Blowing nozzles are used in a large number of applications in various industries. For example, compressed air and other gases emitted from blowing nozzles are typically used for cooling, cleaning, drying, liquid blowoff, material conveying, ejecting, and sorting tasks.
Although it is sometimes possible to use an open pipe to emit the compressed gases, it is usually advantageous to use a nozzle to reduce noise, energy consumption, and to increase worker safety. A variety of blowing nozzles are known in the art.
In many applications, the blowing nozzle must provide a certain minimum force to fulfill its function. For example, in a cooling, cleaning, or drying application, the blowing nozzle must exert enough force to reach its intended target. In a liquid blowoff, material conveying, ejecting, or sorting task, the flow generated by the nozzle must have enough force to move the material in question. For many nozzles, force can be increased by supplying compressed gases at increased pressures.
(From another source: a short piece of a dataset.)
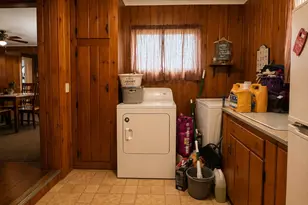 18 E Montgomery St, Hillsdale, MI 49242 - Photo 37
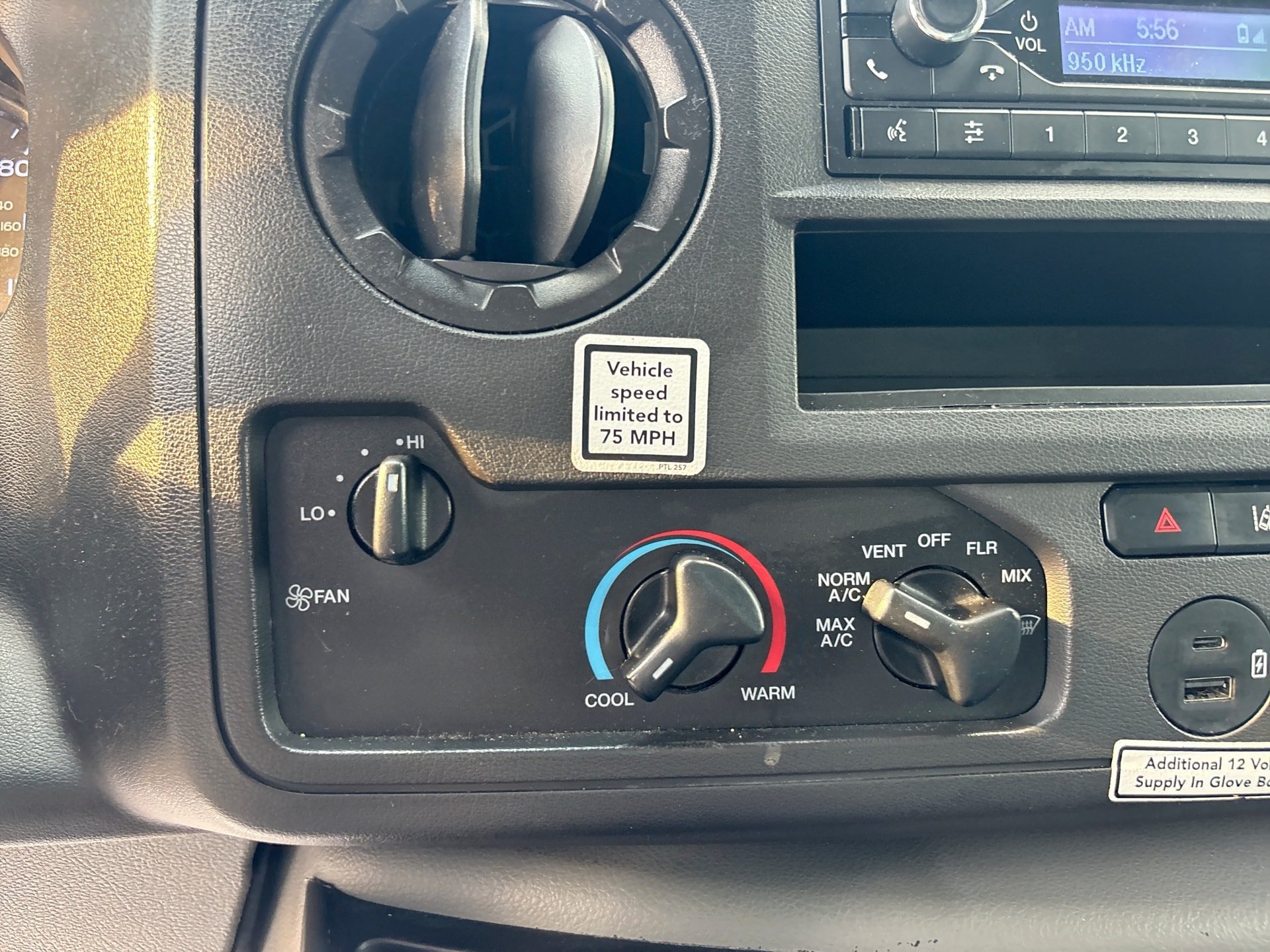 Used 2021 Ford E-350 and Econoline 350 Super Duty RWD image 16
A frequent problem with blowing nozzles is gas consumption. The compression of air or other gases to supply the blowing nozzle requires energy and so a reduction of gas consumption often translates to energy savings, which in turn lowers operating costs. However, reductions in gas consumption are often accompanied by lower forces produced by the nozzle.
“Air amplifying” nozzles address gas consumption by entraining ambient air into the flow generated by the nozzle using the Coanda effect. This amplifies the flow produced by the nozzle. In some cases, the flow rate can be amplified by up to 25-fold by this effect. However, there is a persistent need to provide increased efficiencies with respect to the amount of ambient gases that can be entrained into the output flow of the nozzle.